Beginning with the line that contains "Huolin Gol Hengxu Business Hotel", copy each subsequent line of the data below through the last one, including both ends but not the pictures.

* GIVEN DATA
....

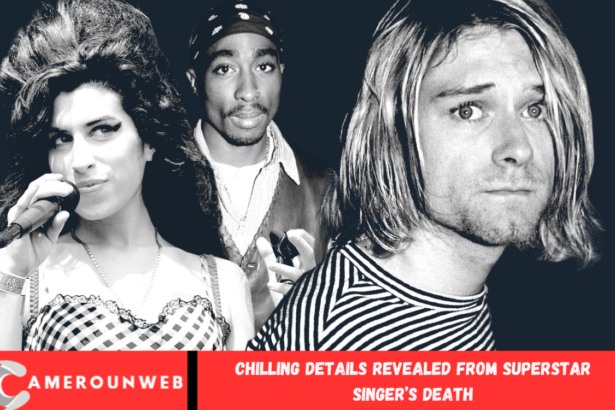 Chilling Details Revealed From Superstar Singer’s Death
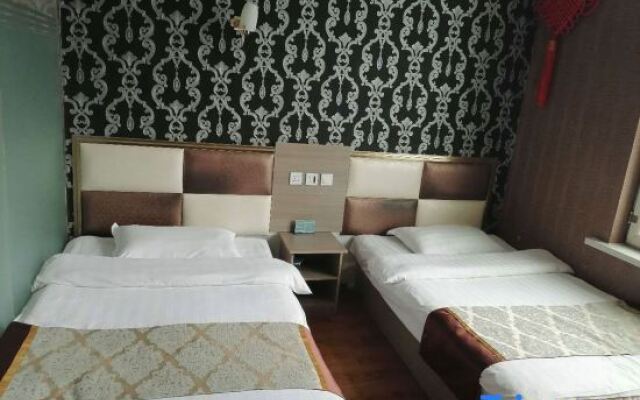Huolin Gol Hengxu Business Hotel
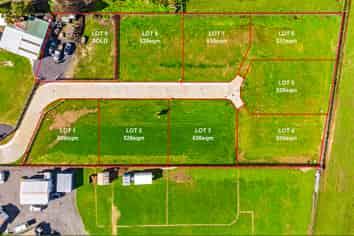 Lot 5 The Vines 12 Renee Wyn Place, Clevedon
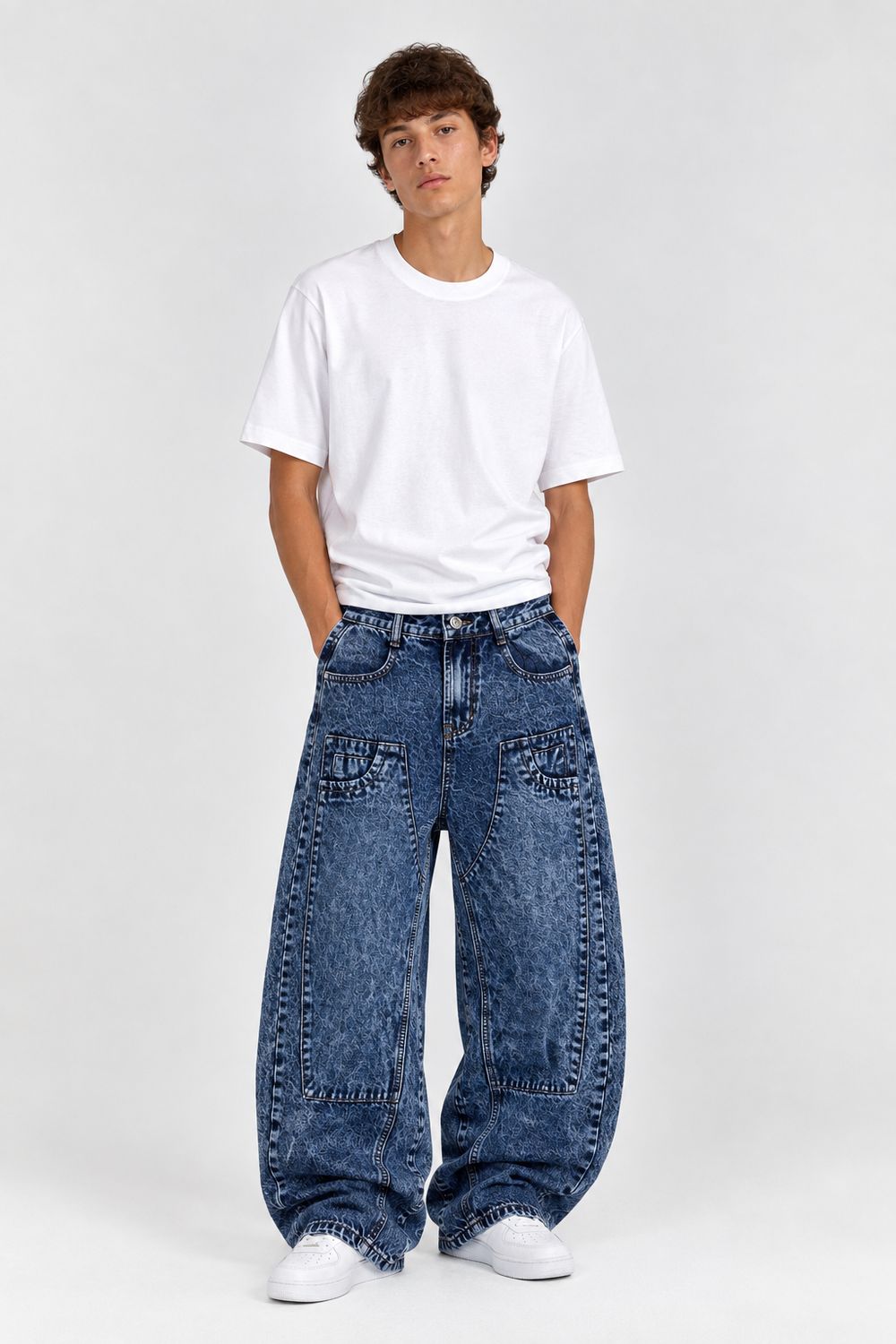 Jeans Balloon BAMBINO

....

* EXERCISE RESULT
Huolin Gol Hengxu Business Hotel
 Lot 5 The Vines 12 Renee Wyn Place, Clevedon
 Jeans Balloon BAMBINO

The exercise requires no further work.